The IMF expects world growth to slow to 3.7 per cent in 2008—0.5 percentage point lower than what was forecast in the January 2008, says its latest Economic Outlook update released here on Wednesday.
The April 2008 report cites the turbulent financial market amid a housing correction and a financial crisis that has quickly spread from the US sub-prime sector to core parts of the financial system, as the biggest downside risk to the global economy.
Further, world growth would achieve little pickup in 2009, and there is a 25 per cent chance that the global economy will record three percent or less growth in 2008 and 2009, equivalent to a global recession.
By contrast, the rapidly globalising emerging economies have so far been less affected by financial market turbulence and have continued to grow at a rapid pace, led by India and China, although economic activity is beginning to moderate in some countries.
Nevertheless, growth across all emerging and developing regions will remain above trend, says the IMF report released ahead of the World Bank-IMF spring meetings over the weekend.
China and India—which grew at 11.4 per cent and 9.2 per cent respectively in 2007—are projected to grow at 9.3 per cent and 7.9 per cent respectively in 2008.
Pointing to the balance of risks around the IMF's projections as lying "somewhat to the downside", IMF Chief Economist Simon Johnson said at a press conference Wednesday that "the principal downside risk comes from the possibility that financial strains could deepen".
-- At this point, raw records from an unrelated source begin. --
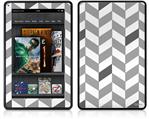 Amazon Kindle Fire (Original) Decal Style Skin - Chevrons Gray And Charcoal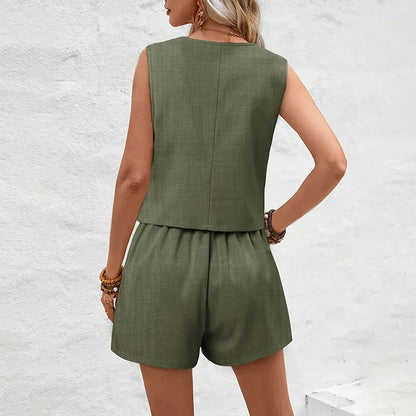 Sommer Frauen Elegante Feste Weste Shorts Set 2024 Ärmellose Weste Top + Hohe Taille Dünne Shorts Dame Büro Casual 2-teiliges Set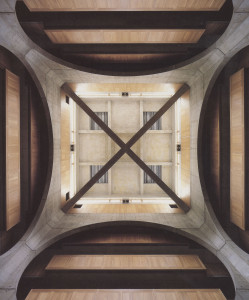 Figure 12: Exeter Library, atrium looking up at cross-brace and clerestory.  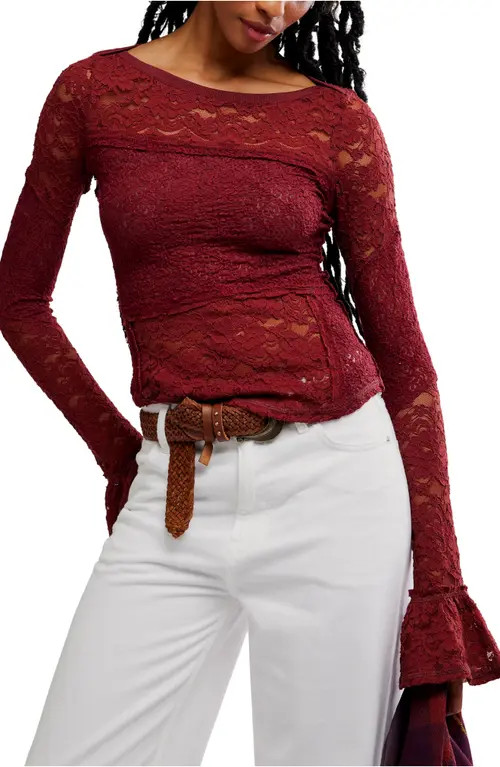 Free People Bell Sleeve Sheer Cotton Blend Lace Top in Cabrenet at Nordstrom, Size Large | Nordstrom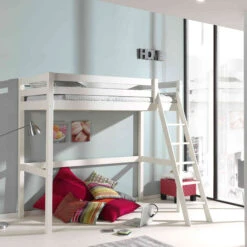 Lit Mezzanine Blanc Laqué - Terre De Nuit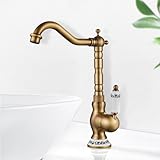 ROWINNAO Grifo Lavabo Alto Retro, Grifo de Lavabo Monomando Vintage, Mango de Cerámica Caño Alto Giratorio de 360°, Grifo de Agua Caliente y Fría Monomando de Baño o Cocina, Latón Antiguo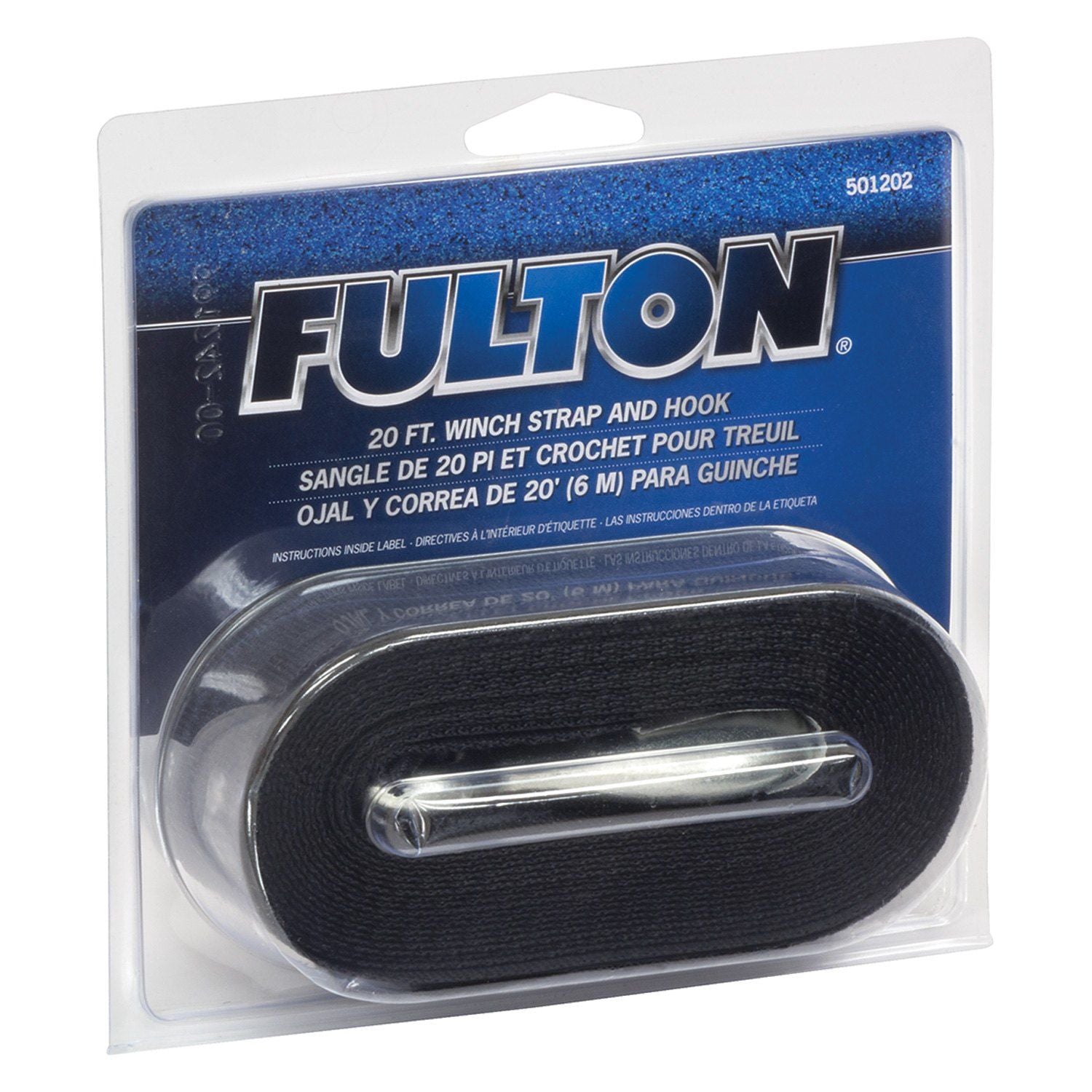 Fulton 501202 20' x 2" Black Winch Strap With Hook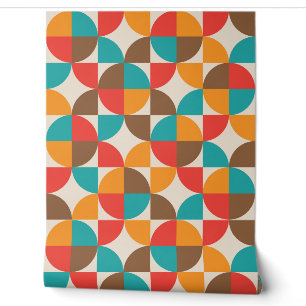 Papier Peint Demi-cercles Abstraits colorés du milieu du siècle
And even though the "sentiment in financial markets has improved in recent weeks since the Federal Reserve's (US central bank) strong actions with regard to investment banks", he noted that "strains in markets can quickly become reinforcing and a negative spiral remains a possibility," he said.
For emerging and developing economies, direct effects from the US downturn and financial strains have, to date, been much less pronounced than in past episodes, Johnson said. Stronger policy frameworks, rising intra-regional trade, productivity gains, and high commodity prices have contributed to their resilience.
Growth is expected to slow to 6.75 per cent in 2008, down from almost eight percent in 2007. Nevertheless, growth would remain above trend in all major regions, he said.
Although activity is slowing, inflation pressures have picked up around the globe mainly reflecting sharp increases in food and energy prices.
Commodity markets have remained buoyant overall and, in many cases, have touched new highs, reflecting the still strong demand from emerging economies, such as India and China, sluggish supply responses, and the increasing attractiveness of commodities as an asset class, he noted.
The resulting inflation pressures are particularly intense for emerging economies, where food and energy account for a large share of their consumption baskets and where growth has held up reasonably well.
In India, growth in consumer prices, which has been rising alarmingly in the recent past, is expected to moderate to 5.2 per cent in 2008 and four per cent in 2009 as against 6.4 per cent in 2007.
Other emerging and developing economies, including in Africa and Latin America, are also expected to maintain robust growth rates, the IMF report said noting they have been more resilient during the current market turmoil than in previous episodes.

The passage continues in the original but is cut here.